Sex ed curriculum proposal pitches abstinence

Published 5:00 pm Saturday, September 18, 2010

Staff Writer

Lessons on abstinence will continue to comprise much of the sex education curriculum at Beaufort County schools, according to a series of lesson plans presented to a committee of school leaders Thursday.
Three class sessions for seventh grade students and four class sessions for eighth and ninth grade students will focus on abstinence, according to a day-by-day list of proposed lesson plans given to a committee of the Beaufort County Board of Education tasked with curriculum and personnel issues.
After receiving copies of the proposed lesson plans, the committee postponed discussing them until the Tuesday meeting of the school board.
The class sessions will be taught by Beaufort County health and physical education teachers or county nurses, according to the information presented to the committee.
Once the school board approves the lesson plans, they will be available for public review in school libraries for at least 60 days prior to their use in the schools. Parents will be given detailed forms allowing them to withdraw their children from specific class sessions or all of the instruction, according to the information presented Thursday.
If approved, teacher training in the new curriculum could begin as early as Oct. 4 and the new lesson plans could be ready for use in the local public schools by Thanksgiving, school officials have said.
The lesson plans are based on materials developed by the N.C. Comprehensive Health Education Training Center at Appalachian State University. The ASU materials were the overwhelming favorite of a task force of educators, health care providers, parents and community members that was charged with recommending materials for Beaufort County Schools to comply with state mandated changes that will take effect this school year.
The Healthy Youth Act, approved by state lawmakers last year, requires the public schools to revamp sex education. It expands the requirements for age-appropriate sex education offered to students as part of health education courses in the seventh, eighth and ninth grades. While still emphasizing abstinence, the law requires students to receive more information on sexually transmitted diseases, effectiveness and safety of FDA-approved contraceptive devices in preventing pregnancy and disease, and awareness of sexual assault, sexual abuse and risk reduction.
It also gives parents and guardians the right to opt out of instruction for their child in all or in specific topics discussed in sex education classes and it gives them the right to review all the materials and objectives that will be used in such classes.
The information presented Thursday calls for the new materials to be taught in a series of nine sessions in seventh grade and 10 sessions in the eighth and ninth grades.
The seventh grade curriculum includes three class sessions on abstinence, including a lesson on the advantages of raising children in a loving and stable home.
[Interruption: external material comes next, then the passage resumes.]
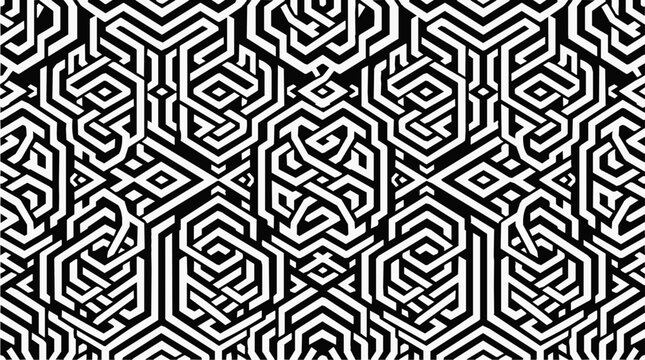 Intricate geometric knotwork design featuring monochrome fence patterns for architectural lattice and decorative abstract background textures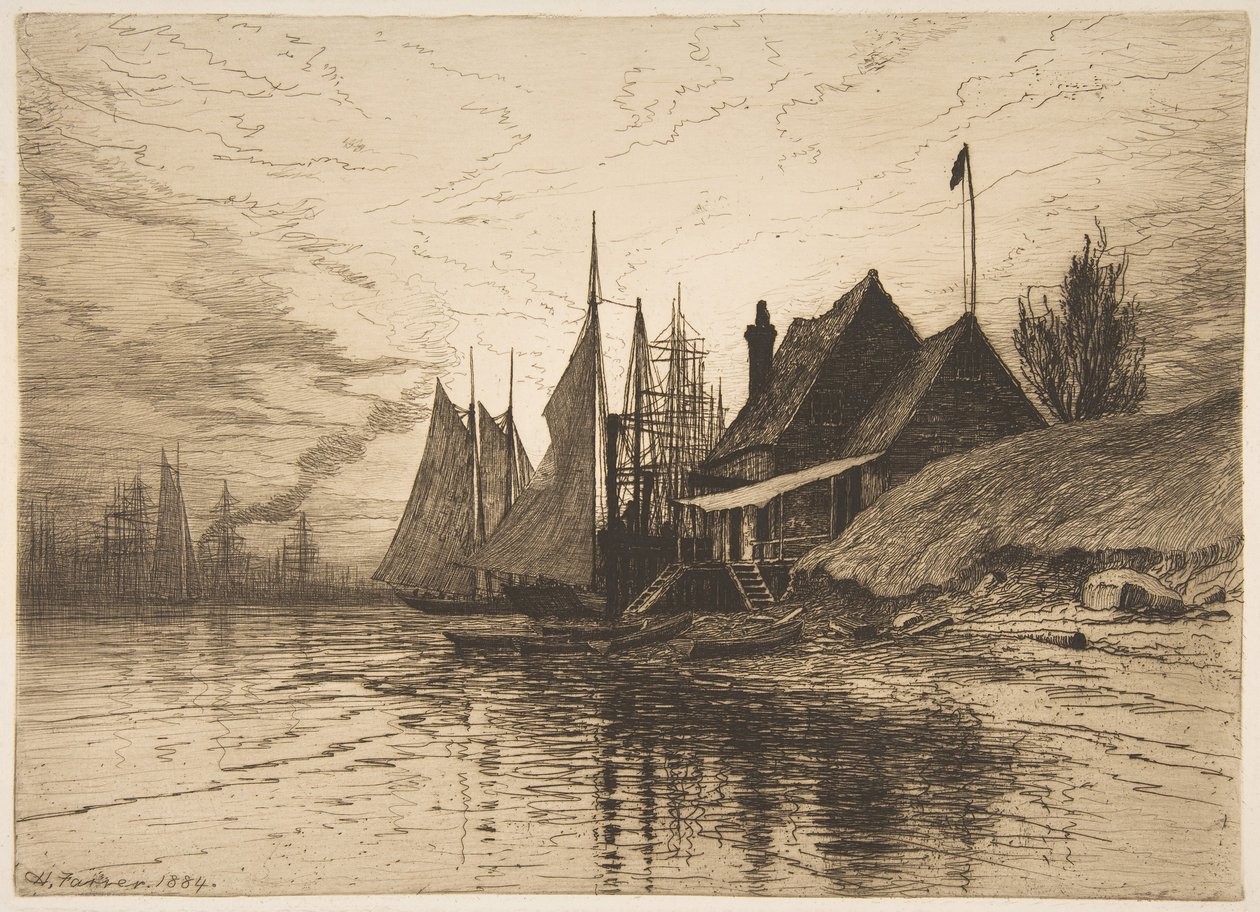 Noite, porto de Nova York, 1884. de Henry Farrer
Other sessions cover building healthy relationships, digital safety, sexual assault factors and reporting, sexually-transmitted diseases, and the effectiveness of condoms in preventing disease, according to the information presented to the committee.
The eighth grade curriculum includes four class sessions on abstinence plus individual sessions on building healthy relationships- including components of a happy home life and successful marriage, digital safety, resources available for the prevention of sexual risk-taking, consequences of unintended pregnancy, sexually-transmitted diseases, and the effectiveness of condoms in preventing unintended pregnancy.
The ninth grade curriculum also includes four sessions on abstinence and single sessions on healthy dating relationships, power and control in relationships- including information on how these factors can lead to violence, misconceptions of sexual assault, reducing the risk of and reporting sexual assault, prevention of sexually-transmitted diseases and pregnancy.
The new lesson plans will not include demonstrations on the use of contraceptives, although photographs of various products will be shown to students. Information on their use will be presented separately to male and female students.
In other business, the committee heard but took no action on a policy on recruitment and selection of new personnel. Among other changes, it clarifies the types of references that will be accepted for potential employees covered by the policy. The policy will be presented to the school board for its first review Tuesday.
The committee also unanimously approved an application for a $175,000 drop-out prevention grant from the N.C. Department of Public Instruction.